**Exercise aim**
In the copy, include every entry exactly but none of the pictures.
START Extracted data
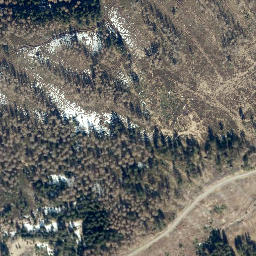 Satellite imagery of Klingebielskopf, DE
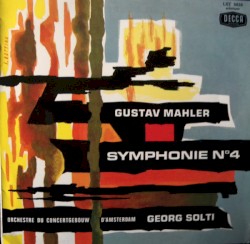 Symphony no. 4 in G major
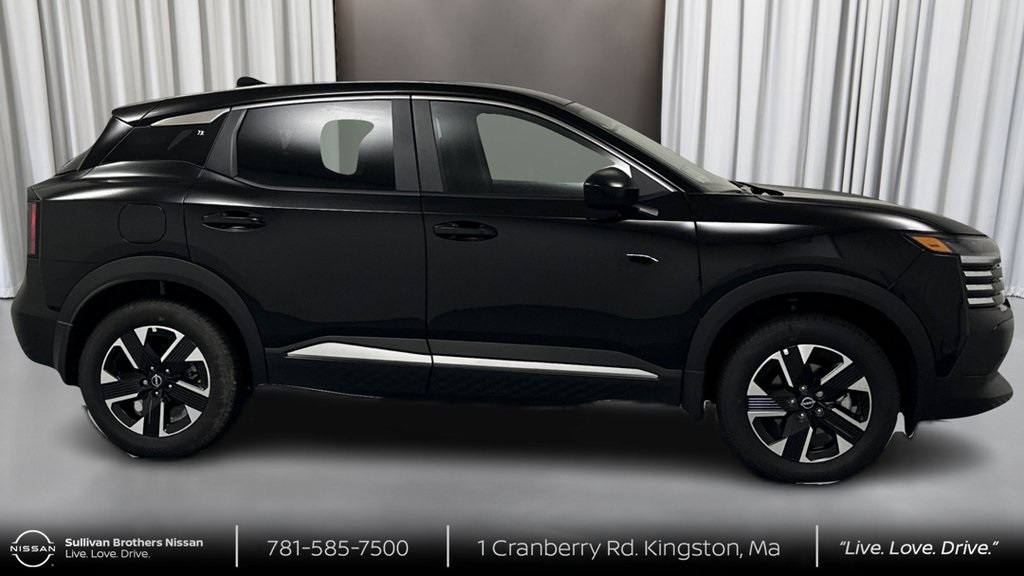 2026 Nissan Kicks SV photo 4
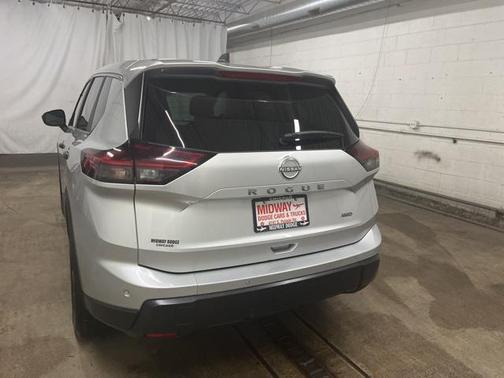2024 Nissan Rogue S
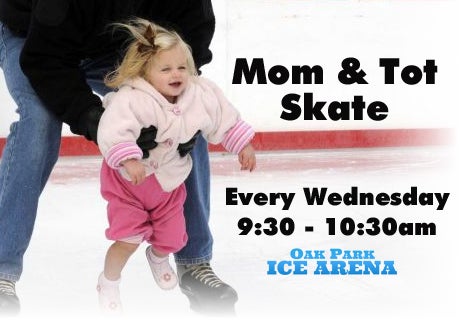 Mom & Tot Skate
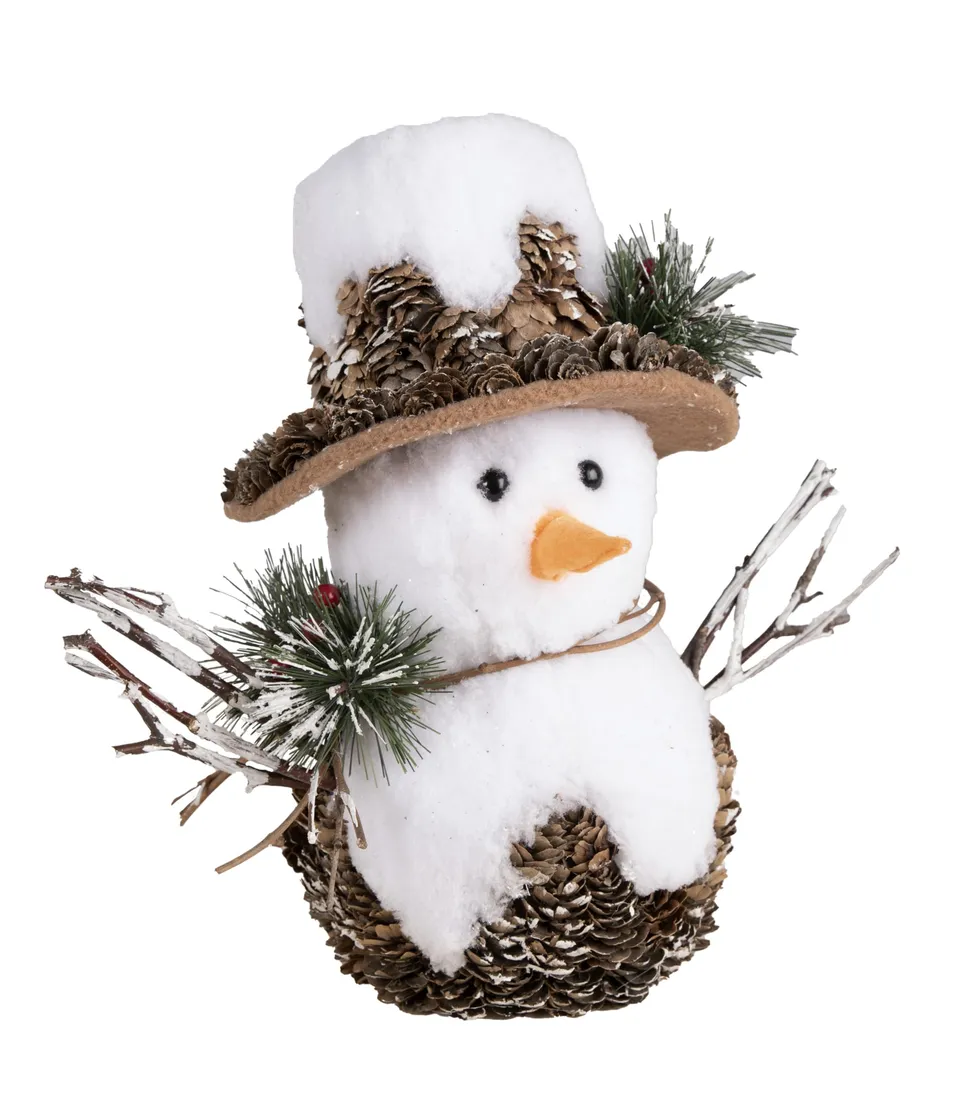 p-tit-clown-re22847-weihnachtsdekoration-schneemann-pl-sch-26-cm image 1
END Extracted data
**Solution to this task**
 Satellite imagery of Klingebielskopf, DE
 Symphony no. 4 in G major
 2026 Nissan Kicks SV photo 4
2024 Nissan Rogue S
 Mom & Tot Skate
 p-tit-clown-re22847-weihnachtsdekoration-schneemann-pl-sch-26-cm image 1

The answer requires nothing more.